Harare / ZW. (wib) It´s reported that over 1.300 shop owners and business managers have been arrested in a bizarre attempt by Robert Mugabe´s regime to enforce price controls in the country. State media reports say most of those arrested have been fined, while 33 company executives picked up Friday appeared in court Monday. Some of those arrested include top executives at clothing chain Edgars. Michael Fowler and Zed Koudanaris directors of fast food chain Innscor and Gavin Sainsbury, the Chief executive of Colcom Foods.
Just like Roman Emperor Diocletian in AD301 Mugabe has ordered that all prices should be slashed by half and has set about trying to punish those not conforming to the directive.

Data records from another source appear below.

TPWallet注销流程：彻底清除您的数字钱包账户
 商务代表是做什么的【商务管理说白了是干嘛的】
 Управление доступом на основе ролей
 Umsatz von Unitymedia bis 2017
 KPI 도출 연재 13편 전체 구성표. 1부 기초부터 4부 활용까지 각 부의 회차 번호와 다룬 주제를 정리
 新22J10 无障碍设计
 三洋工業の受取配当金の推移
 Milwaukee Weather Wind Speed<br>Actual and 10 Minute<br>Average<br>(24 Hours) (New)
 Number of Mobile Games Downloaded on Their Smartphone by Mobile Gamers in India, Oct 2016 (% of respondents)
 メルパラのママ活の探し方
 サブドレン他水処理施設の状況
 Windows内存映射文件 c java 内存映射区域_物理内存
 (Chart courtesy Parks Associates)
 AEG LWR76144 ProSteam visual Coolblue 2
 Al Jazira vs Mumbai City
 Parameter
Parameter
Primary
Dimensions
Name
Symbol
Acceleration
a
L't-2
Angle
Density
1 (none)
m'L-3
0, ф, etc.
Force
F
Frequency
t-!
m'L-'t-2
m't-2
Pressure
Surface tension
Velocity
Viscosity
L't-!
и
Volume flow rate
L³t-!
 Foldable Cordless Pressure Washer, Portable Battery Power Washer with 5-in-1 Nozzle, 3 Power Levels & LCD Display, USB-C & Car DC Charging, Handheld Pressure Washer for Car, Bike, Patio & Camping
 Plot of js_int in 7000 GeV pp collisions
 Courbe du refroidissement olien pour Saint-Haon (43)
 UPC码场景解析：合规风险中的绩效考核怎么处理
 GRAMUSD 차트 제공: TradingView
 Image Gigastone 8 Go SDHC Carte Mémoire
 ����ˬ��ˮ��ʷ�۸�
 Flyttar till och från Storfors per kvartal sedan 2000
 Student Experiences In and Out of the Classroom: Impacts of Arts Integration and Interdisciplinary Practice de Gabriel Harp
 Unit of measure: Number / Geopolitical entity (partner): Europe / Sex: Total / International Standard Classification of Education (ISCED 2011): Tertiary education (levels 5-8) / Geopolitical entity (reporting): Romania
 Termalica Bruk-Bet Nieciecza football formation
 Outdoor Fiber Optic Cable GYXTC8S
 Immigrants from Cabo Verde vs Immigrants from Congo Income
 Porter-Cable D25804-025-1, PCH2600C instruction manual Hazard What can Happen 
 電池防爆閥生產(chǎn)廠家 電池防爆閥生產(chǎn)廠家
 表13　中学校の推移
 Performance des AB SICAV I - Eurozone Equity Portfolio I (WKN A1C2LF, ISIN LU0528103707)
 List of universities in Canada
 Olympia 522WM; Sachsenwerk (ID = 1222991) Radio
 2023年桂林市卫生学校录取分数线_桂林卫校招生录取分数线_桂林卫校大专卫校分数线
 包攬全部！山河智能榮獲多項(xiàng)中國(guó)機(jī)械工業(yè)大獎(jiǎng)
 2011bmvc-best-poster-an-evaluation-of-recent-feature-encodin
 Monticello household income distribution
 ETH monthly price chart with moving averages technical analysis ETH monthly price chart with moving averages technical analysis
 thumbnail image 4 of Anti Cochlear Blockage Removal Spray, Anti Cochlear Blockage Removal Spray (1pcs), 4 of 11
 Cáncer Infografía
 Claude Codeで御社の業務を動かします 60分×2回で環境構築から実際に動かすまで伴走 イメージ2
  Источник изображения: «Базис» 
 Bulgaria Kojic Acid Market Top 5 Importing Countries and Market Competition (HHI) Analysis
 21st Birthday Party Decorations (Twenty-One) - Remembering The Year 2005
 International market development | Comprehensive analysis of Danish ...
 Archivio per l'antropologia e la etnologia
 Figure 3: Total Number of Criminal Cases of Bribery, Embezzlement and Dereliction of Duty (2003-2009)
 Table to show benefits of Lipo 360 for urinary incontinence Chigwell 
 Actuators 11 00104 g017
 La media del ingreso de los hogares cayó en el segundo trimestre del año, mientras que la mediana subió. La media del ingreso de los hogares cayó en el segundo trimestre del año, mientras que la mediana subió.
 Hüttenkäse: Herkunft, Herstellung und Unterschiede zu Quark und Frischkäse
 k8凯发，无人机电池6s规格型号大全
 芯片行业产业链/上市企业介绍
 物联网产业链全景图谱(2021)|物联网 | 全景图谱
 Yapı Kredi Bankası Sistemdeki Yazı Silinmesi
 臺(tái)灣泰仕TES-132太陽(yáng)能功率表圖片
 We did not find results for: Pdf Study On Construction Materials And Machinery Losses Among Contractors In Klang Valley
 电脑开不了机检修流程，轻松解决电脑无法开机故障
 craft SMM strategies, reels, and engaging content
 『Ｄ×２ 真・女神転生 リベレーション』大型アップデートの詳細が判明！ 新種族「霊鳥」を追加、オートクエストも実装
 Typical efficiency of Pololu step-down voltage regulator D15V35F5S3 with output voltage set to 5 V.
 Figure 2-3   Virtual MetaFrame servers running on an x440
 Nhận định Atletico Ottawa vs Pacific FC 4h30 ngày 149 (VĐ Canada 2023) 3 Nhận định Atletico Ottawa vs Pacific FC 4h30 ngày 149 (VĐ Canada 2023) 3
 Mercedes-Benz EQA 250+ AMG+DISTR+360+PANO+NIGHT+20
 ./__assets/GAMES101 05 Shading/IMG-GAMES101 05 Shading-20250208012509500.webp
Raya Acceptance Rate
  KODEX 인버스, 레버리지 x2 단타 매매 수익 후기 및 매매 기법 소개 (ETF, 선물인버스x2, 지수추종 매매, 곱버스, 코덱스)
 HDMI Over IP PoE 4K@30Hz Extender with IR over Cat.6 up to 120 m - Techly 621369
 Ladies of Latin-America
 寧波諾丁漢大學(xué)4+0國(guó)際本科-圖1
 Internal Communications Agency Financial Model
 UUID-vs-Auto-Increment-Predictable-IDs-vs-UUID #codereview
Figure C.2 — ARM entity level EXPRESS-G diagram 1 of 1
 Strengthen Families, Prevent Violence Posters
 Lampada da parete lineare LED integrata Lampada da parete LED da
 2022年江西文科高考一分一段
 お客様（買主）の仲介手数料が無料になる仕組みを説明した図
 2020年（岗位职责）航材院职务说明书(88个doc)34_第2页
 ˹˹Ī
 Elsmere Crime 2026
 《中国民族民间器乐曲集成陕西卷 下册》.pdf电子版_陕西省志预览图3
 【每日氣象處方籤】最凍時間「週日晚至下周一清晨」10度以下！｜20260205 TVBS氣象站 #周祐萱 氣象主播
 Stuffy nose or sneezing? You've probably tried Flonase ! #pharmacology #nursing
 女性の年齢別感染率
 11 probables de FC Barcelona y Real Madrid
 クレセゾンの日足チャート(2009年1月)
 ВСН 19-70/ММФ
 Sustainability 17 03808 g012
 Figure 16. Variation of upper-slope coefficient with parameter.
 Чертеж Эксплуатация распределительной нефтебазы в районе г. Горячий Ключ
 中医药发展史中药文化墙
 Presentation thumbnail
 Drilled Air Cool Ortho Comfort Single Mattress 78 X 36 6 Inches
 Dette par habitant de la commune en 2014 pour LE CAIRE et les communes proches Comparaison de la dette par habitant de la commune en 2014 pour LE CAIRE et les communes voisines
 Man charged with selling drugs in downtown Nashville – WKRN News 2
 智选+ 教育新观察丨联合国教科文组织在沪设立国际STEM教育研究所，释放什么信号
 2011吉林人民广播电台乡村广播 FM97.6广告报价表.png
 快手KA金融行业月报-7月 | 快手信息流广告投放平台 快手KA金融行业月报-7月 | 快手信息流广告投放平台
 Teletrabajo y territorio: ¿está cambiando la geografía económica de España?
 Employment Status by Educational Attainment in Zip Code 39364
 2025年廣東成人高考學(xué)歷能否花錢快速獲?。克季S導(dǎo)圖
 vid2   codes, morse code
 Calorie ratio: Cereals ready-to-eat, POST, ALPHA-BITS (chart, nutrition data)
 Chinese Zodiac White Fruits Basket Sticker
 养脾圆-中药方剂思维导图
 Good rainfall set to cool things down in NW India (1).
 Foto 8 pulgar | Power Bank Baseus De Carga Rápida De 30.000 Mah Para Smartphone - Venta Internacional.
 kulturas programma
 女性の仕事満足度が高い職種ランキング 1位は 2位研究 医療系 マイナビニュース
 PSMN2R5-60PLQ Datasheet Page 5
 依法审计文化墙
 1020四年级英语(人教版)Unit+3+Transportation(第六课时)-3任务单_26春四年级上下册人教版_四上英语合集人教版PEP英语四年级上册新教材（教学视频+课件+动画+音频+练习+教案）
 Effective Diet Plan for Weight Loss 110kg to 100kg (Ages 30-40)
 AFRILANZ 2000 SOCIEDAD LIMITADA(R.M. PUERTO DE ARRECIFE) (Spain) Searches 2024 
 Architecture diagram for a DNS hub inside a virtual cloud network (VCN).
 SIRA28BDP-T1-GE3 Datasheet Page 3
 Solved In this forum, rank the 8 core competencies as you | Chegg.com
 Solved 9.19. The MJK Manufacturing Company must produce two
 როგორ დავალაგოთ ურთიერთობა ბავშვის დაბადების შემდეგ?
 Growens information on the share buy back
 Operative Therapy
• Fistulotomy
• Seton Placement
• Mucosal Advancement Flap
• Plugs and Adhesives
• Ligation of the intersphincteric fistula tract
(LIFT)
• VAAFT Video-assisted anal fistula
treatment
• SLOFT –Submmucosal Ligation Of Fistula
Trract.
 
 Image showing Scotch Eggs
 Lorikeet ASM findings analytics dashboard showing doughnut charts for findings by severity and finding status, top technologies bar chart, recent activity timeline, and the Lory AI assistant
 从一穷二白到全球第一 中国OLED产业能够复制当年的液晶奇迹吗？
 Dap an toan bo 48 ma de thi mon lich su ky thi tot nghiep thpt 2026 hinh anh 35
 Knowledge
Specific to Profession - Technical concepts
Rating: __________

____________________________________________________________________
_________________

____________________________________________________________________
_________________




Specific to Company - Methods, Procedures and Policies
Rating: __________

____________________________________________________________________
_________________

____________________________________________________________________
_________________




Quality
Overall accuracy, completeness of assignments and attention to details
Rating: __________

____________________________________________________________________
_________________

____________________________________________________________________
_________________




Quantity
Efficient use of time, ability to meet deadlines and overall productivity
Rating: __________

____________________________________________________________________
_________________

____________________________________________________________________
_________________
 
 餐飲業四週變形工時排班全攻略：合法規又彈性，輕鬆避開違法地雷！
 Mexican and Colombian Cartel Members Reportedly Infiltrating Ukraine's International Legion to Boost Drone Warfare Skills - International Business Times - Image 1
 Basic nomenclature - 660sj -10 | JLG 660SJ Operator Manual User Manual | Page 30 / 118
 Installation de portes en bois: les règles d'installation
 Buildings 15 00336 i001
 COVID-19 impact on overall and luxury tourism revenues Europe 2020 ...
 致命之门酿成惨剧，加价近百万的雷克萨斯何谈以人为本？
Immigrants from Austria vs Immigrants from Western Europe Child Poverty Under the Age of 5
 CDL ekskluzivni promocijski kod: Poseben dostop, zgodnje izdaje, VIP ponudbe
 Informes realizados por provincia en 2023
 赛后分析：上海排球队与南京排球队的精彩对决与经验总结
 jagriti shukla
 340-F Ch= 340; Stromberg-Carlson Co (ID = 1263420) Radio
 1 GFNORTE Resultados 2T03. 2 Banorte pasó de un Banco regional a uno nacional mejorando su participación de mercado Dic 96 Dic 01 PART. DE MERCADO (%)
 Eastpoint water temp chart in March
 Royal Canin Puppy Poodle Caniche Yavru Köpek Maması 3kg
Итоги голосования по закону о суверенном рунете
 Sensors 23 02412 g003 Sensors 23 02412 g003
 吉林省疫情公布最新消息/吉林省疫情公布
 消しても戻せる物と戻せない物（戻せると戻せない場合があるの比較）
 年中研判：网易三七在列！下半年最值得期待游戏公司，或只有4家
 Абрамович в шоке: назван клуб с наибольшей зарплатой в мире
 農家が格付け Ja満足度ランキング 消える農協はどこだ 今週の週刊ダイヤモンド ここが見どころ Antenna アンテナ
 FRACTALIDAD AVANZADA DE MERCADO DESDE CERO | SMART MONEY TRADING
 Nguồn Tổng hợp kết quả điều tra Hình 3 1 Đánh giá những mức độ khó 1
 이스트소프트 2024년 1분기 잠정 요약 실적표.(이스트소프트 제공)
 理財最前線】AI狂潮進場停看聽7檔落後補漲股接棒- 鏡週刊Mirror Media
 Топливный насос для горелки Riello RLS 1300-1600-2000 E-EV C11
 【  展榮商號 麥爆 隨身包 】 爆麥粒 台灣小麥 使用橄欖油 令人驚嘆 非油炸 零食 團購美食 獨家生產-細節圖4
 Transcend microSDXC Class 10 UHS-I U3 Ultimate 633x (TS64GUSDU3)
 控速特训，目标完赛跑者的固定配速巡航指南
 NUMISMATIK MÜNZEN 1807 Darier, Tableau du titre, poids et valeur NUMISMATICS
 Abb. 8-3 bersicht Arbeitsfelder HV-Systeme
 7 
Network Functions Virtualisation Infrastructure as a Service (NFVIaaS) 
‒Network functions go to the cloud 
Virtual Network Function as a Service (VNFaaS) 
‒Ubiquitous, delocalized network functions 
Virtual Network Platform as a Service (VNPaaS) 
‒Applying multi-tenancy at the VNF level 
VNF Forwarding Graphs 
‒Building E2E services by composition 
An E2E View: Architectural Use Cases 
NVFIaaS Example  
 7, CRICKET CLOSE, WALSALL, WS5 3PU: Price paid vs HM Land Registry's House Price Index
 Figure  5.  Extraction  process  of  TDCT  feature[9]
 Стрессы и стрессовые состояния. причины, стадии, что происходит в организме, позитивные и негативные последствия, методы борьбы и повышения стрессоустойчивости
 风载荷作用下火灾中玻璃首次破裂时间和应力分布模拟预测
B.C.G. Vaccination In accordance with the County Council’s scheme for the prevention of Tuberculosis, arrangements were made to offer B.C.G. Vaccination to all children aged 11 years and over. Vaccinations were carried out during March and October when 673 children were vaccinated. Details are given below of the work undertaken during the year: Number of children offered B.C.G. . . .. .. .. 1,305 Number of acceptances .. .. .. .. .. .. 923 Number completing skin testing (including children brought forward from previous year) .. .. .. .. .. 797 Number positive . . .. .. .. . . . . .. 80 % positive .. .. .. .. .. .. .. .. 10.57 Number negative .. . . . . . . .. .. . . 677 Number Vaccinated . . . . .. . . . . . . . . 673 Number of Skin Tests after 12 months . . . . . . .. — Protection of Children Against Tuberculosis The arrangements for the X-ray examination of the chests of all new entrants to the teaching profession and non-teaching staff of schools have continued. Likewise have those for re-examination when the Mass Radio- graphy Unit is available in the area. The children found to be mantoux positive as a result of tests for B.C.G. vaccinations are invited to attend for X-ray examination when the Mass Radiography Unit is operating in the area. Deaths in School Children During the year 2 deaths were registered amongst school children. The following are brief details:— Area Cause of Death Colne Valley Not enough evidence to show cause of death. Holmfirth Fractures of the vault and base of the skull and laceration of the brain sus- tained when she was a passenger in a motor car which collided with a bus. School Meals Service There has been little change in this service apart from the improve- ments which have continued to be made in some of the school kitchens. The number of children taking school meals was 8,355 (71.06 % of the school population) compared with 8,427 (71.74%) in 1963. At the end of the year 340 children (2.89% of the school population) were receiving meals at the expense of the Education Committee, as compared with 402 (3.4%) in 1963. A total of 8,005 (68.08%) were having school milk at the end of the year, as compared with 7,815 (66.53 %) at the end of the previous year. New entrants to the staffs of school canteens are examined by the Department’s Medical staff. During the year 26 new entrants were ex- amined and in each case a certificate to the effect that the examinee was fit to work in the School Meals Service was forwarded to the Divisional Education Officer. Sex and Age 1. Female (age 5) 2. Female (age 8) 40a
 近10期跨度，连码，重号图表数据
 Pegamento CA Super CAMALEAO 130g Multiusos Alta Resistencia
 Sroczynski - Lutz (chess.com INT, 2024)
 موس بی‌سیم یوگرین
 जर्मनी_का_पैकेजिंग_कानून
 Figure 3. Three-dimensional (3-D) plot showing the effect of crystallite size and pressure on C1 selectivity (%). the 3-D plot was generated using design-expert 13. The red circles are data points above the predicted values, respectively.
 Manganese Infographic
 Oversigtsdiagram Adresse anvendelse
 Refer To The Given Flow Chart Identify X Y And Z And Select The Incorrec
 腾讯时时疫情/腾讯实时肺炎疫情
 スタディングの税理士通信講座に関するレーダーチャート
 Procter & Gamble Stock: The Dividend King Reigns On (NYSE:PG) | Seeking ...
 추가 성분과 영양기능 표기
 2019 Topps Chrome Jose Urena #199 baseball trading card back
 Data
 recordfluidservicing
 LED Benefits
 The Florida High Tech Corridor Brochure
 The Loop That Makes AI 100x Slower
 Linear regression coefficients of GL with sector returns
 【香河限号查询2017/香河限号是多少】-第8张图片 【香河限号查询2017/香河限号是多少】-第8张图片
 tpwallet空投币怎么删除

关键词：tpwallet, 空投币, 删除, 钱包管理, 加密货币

Economists say the regime only has to look at history to understand that the new policy will only help create shortages.
Although Emperor Diocletian decreed that violations were punishable by death, Mugabe hasn´t gone quite that far – yet. The regime announced a new law on Saturday making it an offence to defy the price cuts. Industry Minister Obert Mpofu directed all shops to display the new price tags. According to a government gazette issued Friday all manufacturers need written approval for any price changes. Wholesalers and retailers can only use a flat mark up of 20 percent, while a further 20 percent is allowed if transport costs are for an area over 40 kilometer.
Businessman Eddie Cross described the controls as unworkable. A ten kilogram empty bag of maize meal for example costs 75.000 ZWD and yet government demands that a fully packed one is sold for 44.742 ZWD. Last week witnessed near stampedes, mostly in Harare, as people besieged shops while following price-monitoring teams. Some shops were forced to recruit extra security guards for fear of riots breaking out. In Bulawayo one petrol station owner was forced by police to sell his petrol below cost, at gunpoint. He had initially refused arguing the petrol had cost him more to purchase. Businesses have argued that new prices being forced on them do not even cover their basic costs.
Opposition leader Morgan Tsvangirai said the current siege would backfire and plunge the economy into serious chaos. «Already, our embattled nation has begun to feel the pinch: shortages of fuel, basic commodities and a systematic destruction of the formal sector». He likened the current crackdown with the violent farm invasions, the Gukurahundi massacres in Matabeleland and Operation Murambatsvina, saying they were all motivated by Mugabe´s desire to retain power and neutralize all potential opposition forces.
Exiled businessman Mutumwa Mawere said Mugabe was pushing the argument that price increases were part of a western sponsored regime change agenda. He told Newsreel, «the wheels have come off» and that the pricing chaos was just another political battle for Mugabe. People on the ground will appreciate the short-term benefits of price cuts but in the long run they would suffer as soon as goods disappear from the shelves, Mawere added (source: SW Radio Africa).